English | Site Directory

Datastore Java API Overview

The Google App Engine datastore provides robust scalable data storage for your web application. The datastore is designed with web applications in mind, with an emphasis on read and query performance. It stores data entities with properties, organized by application-defined kinds. It can perform queries over entities of the same kind, with filters and sort orders on property values and keys. All queries are pre-indexed for fast results over very large data sets. The datastore supports transactional updates, using entity groupings defined by the application as the unit of transactionality in the distributed data network.

Introducing the Datastore

The App Engine datastore stores and performs queries over data objects, known as entities.
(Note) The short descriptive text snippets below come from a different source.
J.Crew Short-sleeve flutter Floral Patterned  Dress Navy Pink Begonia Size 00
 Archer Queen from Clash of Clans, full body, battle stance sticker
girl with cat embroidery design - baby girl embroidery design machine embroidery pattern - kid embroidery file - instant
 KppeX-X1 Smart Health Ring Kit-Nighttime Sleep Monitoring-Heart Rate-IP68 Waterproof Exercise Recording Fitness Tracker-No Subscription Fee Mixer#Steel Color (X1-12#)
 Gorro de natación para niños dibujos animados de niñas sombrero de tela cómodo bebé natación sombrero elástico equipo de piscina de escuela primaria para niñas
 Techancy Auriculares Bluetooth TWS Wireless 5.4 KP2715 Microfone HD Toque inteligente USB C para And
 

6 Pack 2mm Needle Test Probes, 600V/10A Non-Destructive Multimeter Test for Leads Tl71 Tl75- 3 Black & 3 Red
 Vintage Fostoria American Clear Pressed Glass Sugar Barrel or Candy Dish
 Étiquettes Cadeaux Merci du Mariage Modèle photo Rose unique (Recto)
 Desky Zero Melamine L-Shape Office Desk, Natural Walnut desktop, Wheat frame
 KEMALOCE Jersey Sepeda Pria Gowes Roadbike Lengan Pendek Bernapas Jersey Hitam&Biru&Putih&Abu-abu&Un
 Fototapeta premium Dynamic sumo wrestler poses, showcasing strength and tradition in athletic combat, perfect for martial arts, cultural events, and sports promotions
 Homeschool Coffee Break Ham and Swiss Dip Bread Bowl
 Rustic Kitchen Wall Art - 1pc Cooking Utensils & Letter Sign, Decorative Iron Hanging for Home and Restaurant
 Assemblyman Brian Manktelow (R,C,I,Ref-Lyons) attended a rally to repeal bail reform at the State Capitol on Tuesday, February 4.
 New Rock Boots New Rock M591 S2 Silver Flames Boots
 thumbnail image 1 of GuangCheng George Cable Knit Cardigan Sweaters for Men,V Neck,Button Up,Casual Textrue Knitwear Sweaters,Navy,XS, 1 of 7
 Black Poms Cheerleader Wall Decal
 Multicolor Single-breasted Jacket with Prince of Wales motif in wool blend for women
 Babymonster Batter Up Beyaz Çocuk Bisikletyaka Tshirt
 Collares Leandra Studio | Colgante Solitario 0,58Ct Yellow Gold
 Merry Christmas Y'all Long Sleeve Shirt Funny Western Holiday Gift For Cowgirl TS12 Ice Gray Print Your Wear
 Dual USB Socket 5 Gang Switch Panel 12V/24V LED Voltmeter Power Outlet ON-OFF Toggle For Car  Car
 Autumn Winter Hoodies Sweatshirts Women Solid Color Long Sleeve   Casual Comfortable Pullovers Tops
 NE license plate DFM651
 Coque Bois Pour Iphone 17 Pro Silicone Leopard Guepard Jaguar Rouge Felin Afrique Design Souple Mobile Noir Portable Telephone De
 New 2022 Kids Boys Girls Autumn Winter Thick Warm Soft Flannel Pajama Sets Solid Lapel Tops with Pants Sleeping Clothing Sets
An entity has one or more properties, named values of one of several supported data types. A property can be a reference to another entity.

The datastore can execute multiple operations in a single transaction, and roll back the entire transaction if any of the operations fail. This is especially useful for distributed web applications, where multiple users may be accessing or manipulating the same data object at the same time.

Unlike traditional databases, the datastore uses a distributed architecture to manage scaling to very large data sets. An App Engine application can optimize how data is distributed by describing relationships between data objects, and by defining indexes for queries.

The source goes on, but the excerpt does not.